It was an amazing feeling and every day that I don’t shave, simply because I don’t want to, because it makes me happy — I thank that truly horrible, wonderful, moment.
Hairy Women Who Rock
A: Immediately I think of Frida Kahlo painting countless breathtaking self portraits, and the many women on websites like Tumblr who I don’t know personally, that choose not to shave, or to even dye their underarm hair a different colour. These people don’t allow themselves to be bogged down by societal norms and stereotypes; they seem to know that being feminine doesn’t mean they have to be one way or the other, and that’s super important to me.
I wish I had known about these outlets when I was younger because I’m sure it would have boosted my self-confidence. If I had seen and read about feminism in elementary school, the way I do now, I probably wouldn’t have ever shaved or waxed my body hair away (though ultimately I’d probably be very confused.) I don’t want to turn back time and tell my younger self to never try something (or anything) once. I just know I should always question something produced by mass media, and explain that to younger people as well.
Never let someone else dictate how you should have a body.
F: Since I’ve grown out my hair, I’ve felt more intuitive. That’s how I imagine Frida Kahlo must have felt as she painted countless self-portraits. Or how Patti Smith must have felt yelling poems into a microphone. For Frida and Patti, intuition is primary. I love that they fought to know themselves deeply in an unaccommodating culture.
Growing out my unibrow, for instance, came from a place I didn’t quite understand yet, though I knew I could get behind that gut sensation. I don’t often feel my gut working, so when that rare moment happens, I try and react. Owning my body hair is my attempt to stretch those rare moments wide.

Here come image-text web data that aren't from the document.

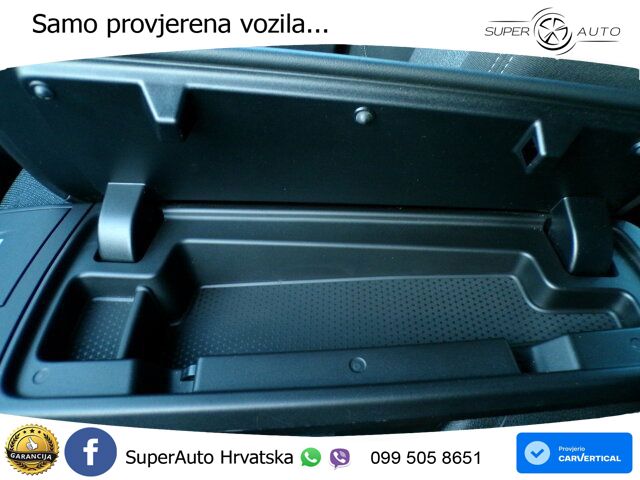 BMW X1 18i (136 KS) sDrive Steptronic LED+GR SJED+ACC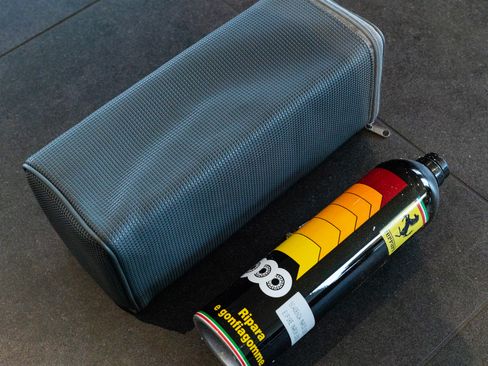 Used 1997 Ferrari F355 Berlinetta image 61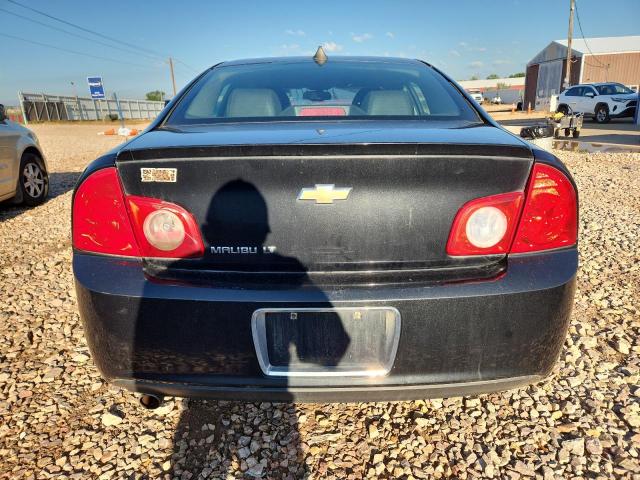 2012 CHEVROLET MALIBU 2LT - 1G1ZD5E04CF160720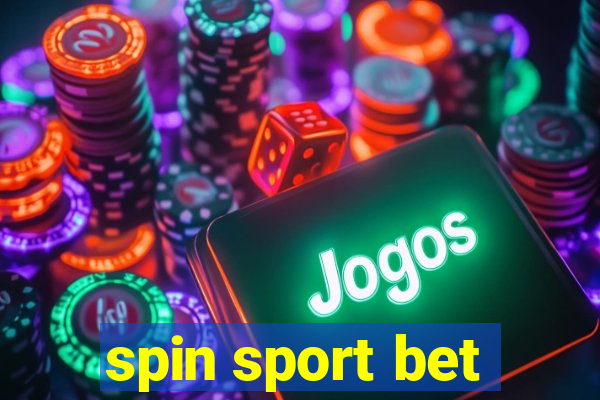 spin sport bet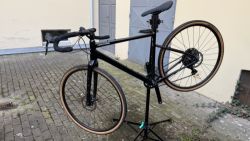 Cannondale Topstone 4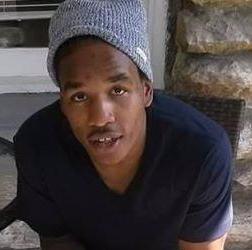 DShawn Marchbanks death by force case in Grandview, MO
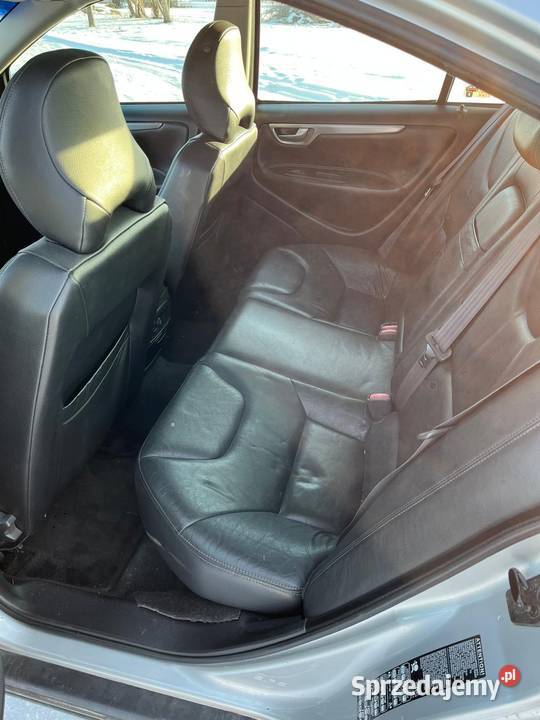 Samochód osobowy volvo s60 Puławy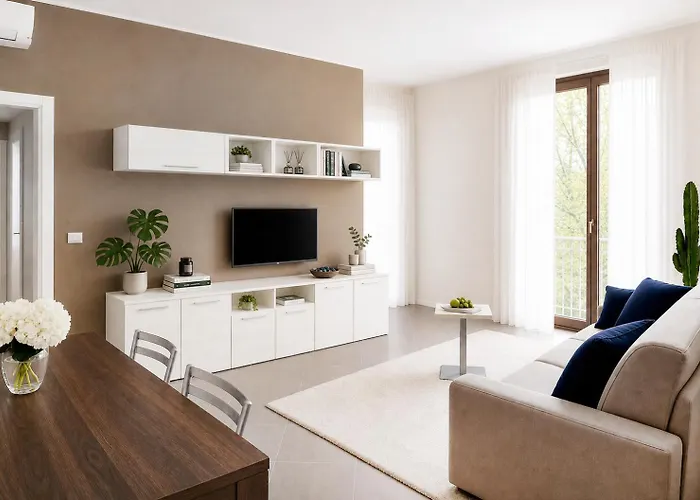 Aparthotel Residenze Italia Sesto San Giovanni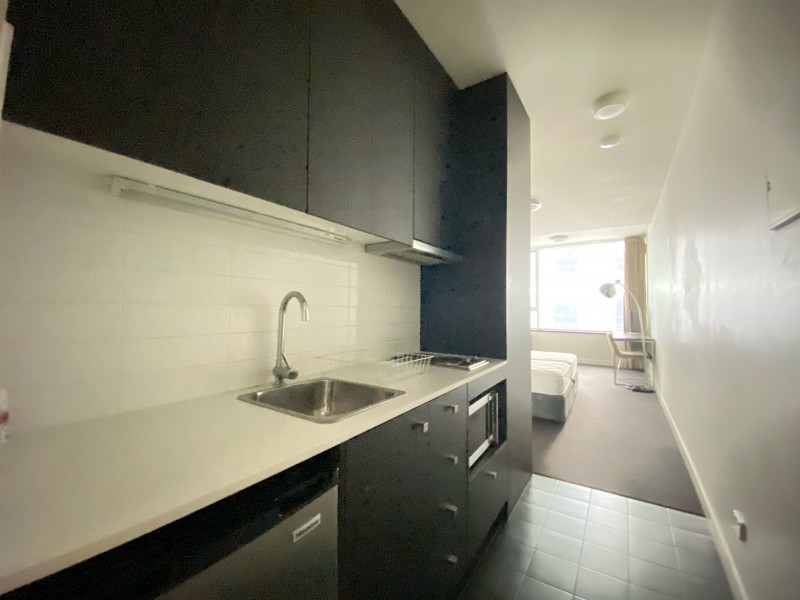 1213/43 Therry Street, Melbourne VIC 3000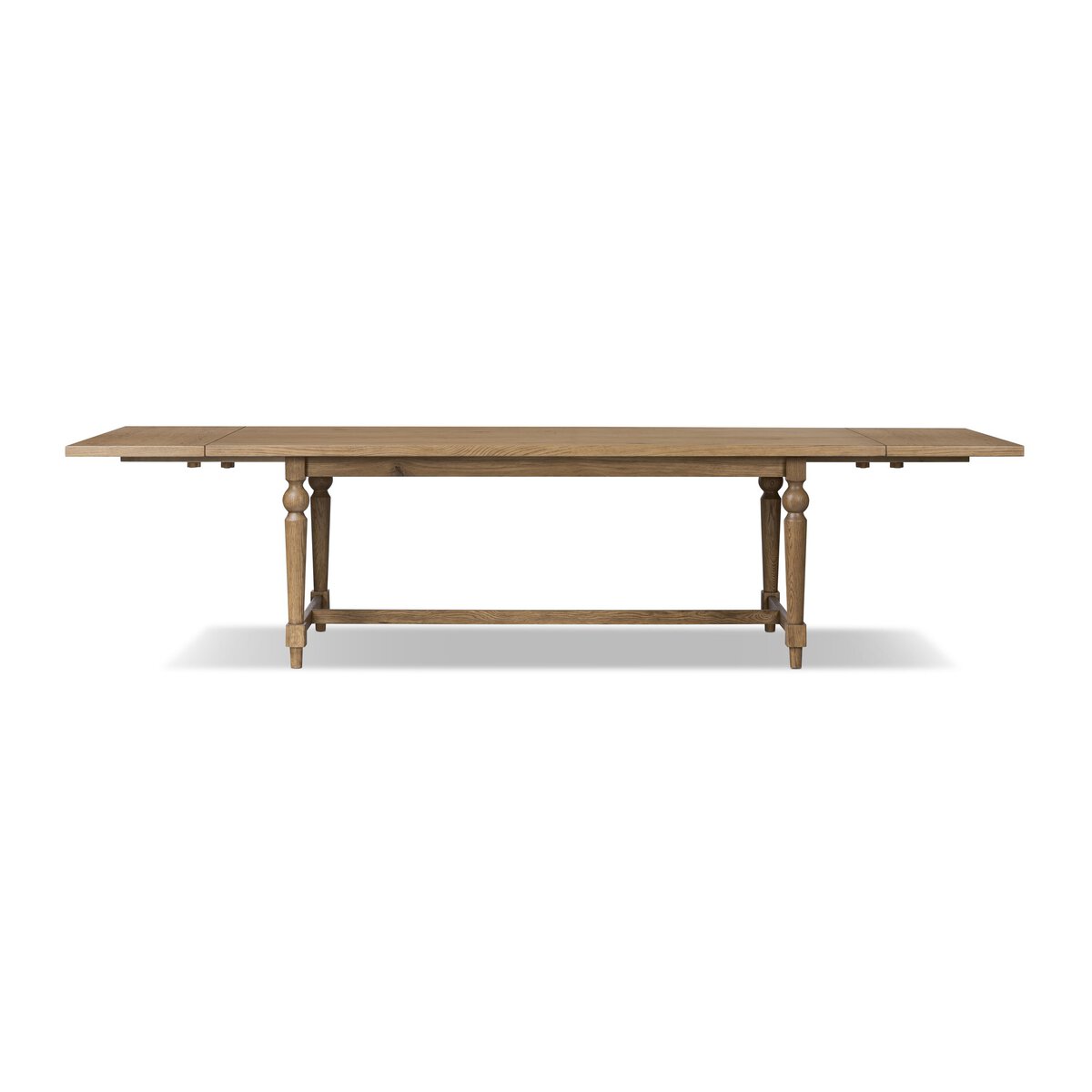 Table à manger extensible Blinn
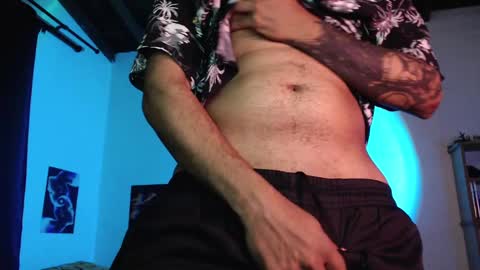 mikedick_420 online show from 03.01.25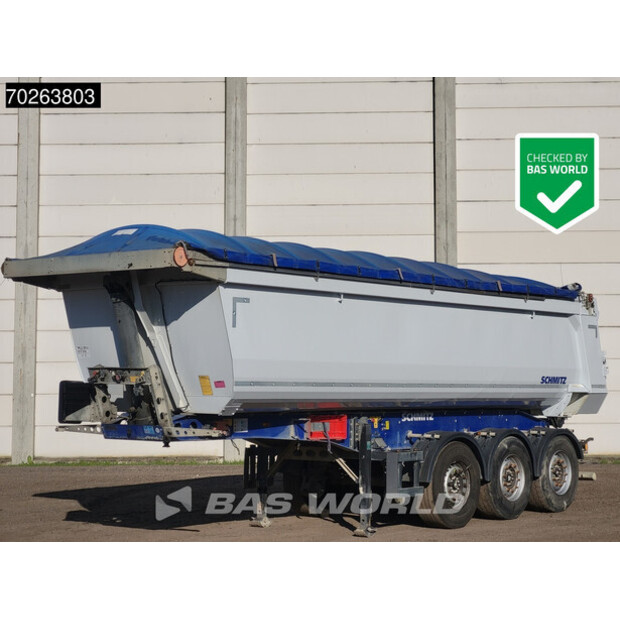 2017 Schmitz Cargobull SGF*S3-41695644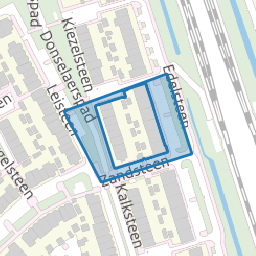 Perceel HTN04-B-2000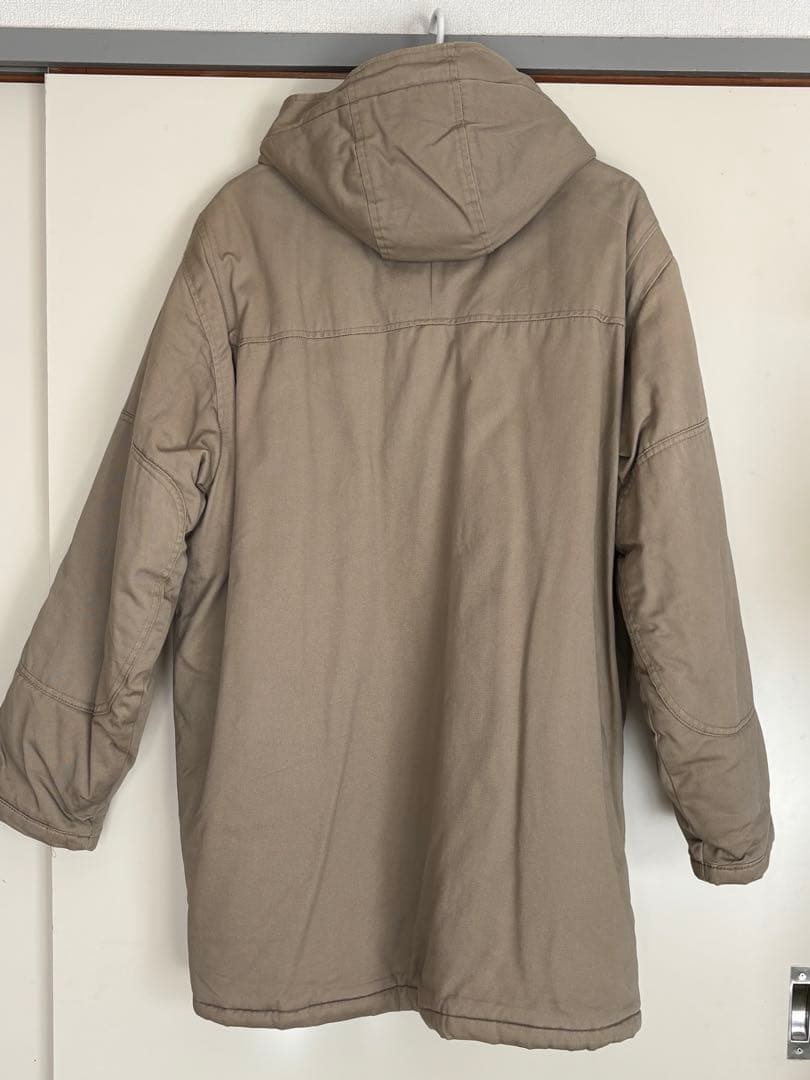 M-65/TGL PARKA COLD WEATHER Lサイズ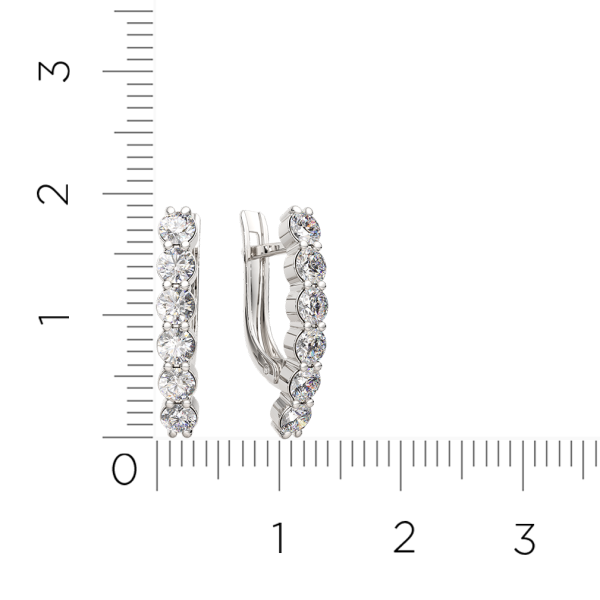 Серьги 03101234.ZZ Серьги 03101234.ZZ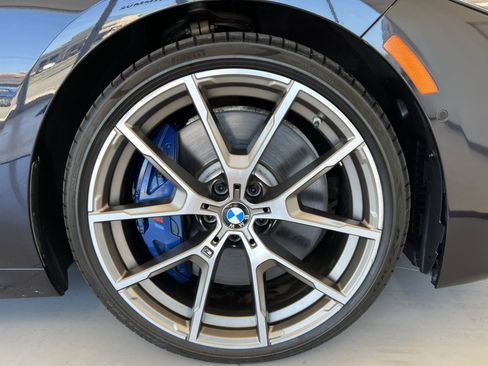 Used 2019 BMW M850i xDrive M850i xDrive image 59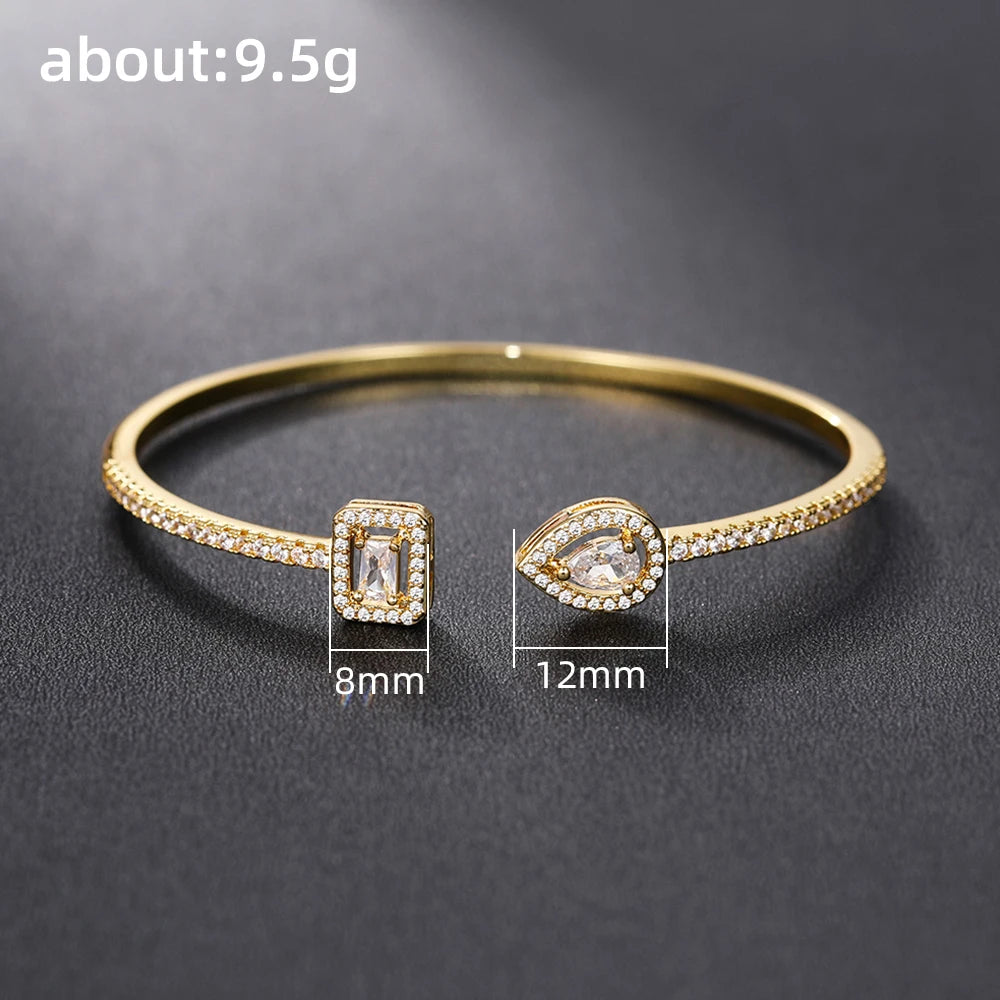 Cuff Bracelet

Whether it was under Patti’s arms or in the hair connecting Frida’s eyebrows, these hairy babes were all about carving self-definitions that were authentic, even culturally displeasing, and their efforts have stayed with me. Their desire to move beyond the acceptable — to undermine its value — is importantly subversive. Plus, have you seen Frida’s moustache?
Though I consider both Patti and Frida to be feminists, neither shaving nor being hairy is inherently feminist. Don’t get bogged down by feeling like you need to practice Good Feminism, whatever that means. Both women were unconcerned with that and more into answering to feelings, which today gives me indescribable momentum. How you take care of your body should be up to you.
A: Two years ago I stretched up, revealing my gloriously long, thick, armpit hair, and my best friend said something along the lines of “going a little Parisian there huh?” A year ago for Mother’s day I shaved my underarms to make my mom happy because I know she doesn’t like underarm hair. What gets me through days like that, the days when the world gets me down, is when I remember that my hair is going to grow back. In a week at most, I’ll have underarm hair again soon if I want.
To feel confident in a world of people who police gender roles, I constantly remember that it’s just hair. The hair on my head that grows absolutely wild and free is exactly the same as the hair on my body; so if I can grow head hair, I can grow body hair. Feeling confident doesn’t mean that you’re always 100% the most confident human being. It means that some days are good, and some days are bad.
Confidence in your own body, or in your own body hair, also doesn’t mean that you have to constantly show off what’s there. You can hide it if you want to because it’s your choice. If some days feel low, talk to those who can support you, or to those who feel the same way. More often than not, just being around another person with the same body positive outlook as I do makes me feel much better than I did before.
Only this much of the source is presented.